[Extracted data entries]
+---+
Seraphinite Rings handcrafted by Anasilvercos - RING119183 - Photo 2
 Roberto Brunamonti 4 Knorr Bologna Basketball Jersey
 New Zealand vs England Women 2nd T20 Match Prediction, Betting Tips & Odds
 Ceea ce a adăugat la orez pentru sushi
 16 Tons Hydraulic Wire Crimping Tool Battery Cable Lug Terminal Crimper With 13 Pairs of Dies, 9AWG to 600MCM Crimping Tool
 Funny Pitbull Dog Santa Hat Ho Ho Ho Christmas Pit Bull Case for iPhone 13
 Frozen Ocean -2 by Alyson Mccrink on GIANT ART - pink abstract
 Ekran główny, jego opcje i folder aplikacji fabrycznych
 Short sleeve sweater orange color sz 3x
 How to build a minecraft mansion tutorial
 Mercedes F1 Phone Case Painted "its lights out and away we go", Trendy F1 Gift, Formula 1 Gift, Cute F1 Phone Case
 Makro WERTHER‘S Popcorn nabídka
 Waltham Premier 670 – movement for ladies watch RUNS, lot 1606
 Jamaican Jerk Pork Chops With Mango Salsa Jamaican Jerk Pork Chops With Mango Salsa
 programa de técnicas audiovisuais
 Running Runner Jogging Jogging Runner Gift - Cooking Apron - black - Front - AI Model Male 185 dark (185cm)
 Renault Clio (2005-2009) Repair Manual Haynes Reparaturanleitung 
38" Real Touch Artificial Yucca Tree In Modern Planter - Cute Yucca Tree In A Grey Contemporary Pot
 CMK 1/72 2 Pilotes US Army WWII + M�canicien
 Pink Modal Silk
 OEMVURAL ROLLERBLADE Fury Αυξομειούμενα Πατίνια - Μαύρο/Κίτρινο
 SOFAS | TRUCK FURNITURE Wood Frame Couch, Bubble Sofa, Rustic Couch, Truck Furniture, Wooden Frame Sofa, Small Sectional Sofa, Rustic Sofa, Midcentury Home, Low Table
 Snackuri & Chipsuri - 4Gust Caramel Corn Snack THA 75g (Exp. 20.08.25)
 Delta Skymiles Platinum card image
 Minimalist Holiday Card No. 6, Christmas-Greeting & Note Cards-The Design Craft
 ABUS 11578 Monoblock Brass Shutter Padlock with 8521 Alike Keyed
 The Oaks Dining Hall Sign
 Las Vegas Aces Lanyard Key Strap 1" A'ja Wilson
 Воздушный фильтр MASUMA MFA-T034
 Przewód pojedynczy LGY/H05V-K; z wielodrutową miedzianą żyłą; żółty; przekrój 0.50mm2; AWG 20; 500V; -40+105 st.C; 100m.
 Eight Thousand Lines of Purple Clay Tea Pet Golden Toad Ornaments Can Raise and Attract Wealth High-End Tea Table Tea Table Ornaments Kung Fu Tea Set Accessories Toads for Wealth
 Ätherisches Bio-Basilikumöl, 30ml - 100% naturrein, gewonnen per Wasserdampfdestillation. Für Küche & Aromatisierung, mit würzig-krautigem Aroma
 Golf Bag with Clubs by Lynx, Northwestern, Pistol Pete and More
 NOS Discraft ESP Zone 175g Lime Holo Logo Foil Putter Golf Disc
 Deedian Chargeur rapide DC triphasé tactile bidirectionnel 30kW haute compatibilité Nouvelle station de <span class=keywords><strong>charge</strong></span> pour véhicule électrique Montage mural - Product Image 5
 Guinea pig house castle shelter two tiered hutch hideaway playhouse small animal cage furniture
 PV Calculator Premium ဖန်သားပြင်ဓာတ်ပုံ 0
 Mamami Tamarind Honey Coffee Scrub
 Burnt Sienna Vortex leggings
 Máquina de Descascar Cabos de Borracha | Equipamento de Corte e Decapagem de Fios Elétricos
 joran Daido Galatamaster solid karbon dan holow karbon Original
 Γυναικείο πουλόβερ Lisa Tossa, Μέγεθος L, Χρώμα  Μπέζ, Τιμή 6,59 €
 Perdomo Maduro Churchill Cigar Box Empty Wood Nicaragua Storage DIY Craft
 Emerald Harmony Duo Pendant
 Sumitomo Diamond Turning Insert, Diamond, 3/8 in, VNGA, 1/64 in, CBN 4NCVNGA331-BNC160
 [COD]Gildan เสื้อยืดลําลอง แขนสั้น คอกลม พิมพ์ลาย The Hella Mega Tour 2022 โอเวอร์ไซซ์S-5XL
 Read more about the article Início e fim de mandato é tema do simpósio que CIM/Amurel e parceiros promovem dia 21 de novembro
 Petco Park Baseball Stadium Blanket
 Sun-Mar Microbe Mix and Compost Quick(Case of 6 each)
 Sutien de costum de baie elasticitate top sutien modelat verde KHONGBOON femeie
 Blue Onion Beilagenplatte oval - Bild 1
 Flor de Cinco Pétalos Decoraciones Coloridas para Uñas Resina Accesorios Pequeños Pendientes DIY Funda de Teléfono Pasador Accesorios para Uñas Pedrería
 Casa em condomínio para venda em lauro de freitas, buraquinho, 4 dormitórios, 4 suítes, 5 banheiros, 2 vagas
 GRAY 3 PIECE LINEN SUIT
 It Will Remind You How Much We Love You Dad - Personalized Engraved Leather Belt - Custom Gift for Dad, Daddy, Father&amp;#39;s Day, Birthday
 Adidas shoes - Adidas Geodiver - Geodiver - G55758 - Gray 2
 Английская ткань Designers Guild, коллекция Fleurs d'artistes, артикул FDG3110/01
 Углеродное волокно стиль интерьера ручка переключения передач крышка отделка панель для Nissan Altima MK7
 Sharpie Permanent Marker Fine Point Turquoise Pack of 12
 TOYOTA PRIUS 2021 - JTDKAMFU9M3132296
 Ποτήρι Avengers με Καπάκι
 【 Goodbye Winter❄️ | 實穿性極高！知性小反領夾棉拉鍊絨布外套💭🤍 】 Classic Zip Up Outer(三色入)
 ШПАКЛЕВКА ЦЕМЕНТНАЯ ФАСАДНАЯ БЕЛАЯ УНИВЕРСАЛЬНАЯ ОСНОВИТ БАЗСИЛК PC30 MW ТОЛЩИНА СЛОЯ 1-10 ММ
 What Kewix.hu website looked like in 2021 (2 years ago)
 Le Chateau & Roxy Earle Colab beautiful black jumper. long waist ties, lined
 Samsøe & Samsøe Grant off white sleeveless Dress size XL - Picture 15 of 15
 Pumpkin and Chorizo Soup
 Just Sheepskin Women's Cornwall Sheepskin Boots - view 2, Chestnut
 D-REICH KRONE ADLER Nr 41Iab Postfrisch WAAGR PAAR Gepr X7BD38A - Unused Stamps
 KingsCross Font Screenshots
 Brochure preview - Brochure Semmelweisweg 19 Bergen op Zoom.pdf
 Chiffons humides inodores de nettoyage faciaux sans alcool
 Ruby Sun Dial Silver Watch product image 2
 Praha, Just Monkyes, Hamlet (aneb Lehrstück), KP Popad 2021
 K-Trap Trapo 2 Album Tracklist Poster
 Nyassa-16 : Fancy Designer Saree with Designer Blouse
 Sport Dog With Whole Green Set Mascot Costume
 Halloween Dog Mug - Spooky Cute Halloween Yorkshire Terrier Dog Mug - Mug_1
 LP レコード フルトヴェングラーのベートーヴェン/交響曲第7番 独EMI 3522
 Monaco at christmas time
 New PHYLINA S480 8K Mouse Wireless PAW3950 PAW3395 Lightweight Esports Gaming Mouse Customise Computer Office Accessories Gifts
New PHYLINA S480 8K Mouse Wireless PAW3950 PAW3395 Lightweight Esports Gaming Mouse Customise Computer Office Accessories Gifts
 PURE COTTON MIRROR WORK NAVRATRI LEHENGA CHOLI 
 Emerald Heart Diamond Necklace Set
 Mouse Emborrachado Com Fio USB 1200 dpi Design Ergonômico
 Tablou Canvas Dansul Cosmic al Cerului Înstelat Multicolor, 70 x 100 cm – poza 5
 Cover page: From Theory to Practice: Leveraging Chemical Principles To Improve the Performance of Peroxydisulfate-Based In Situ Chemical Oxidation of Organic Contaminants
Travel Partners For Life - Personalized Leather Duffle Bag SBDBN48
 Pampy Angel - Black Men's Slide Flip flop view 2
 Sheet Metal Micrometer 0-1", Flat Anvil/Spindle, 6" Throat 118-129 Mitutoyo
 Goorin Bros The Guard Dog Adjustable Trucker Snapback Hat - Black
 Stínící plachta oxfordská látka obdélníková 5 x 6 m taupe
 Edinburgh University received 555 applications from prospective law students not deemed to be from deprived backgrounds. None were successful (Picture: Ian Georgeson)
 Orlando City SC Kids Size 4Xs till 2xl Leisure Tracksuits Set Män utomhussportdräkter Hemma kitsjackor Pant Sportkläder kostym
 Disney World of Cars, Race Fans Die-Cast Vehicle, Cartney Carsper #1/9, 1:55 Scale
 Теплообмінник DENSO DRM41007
+---+
▶ Work to complete
Where a line of the data contains "Cute", include it in the tally, and answer with the tally alone.

▶ Task solution
3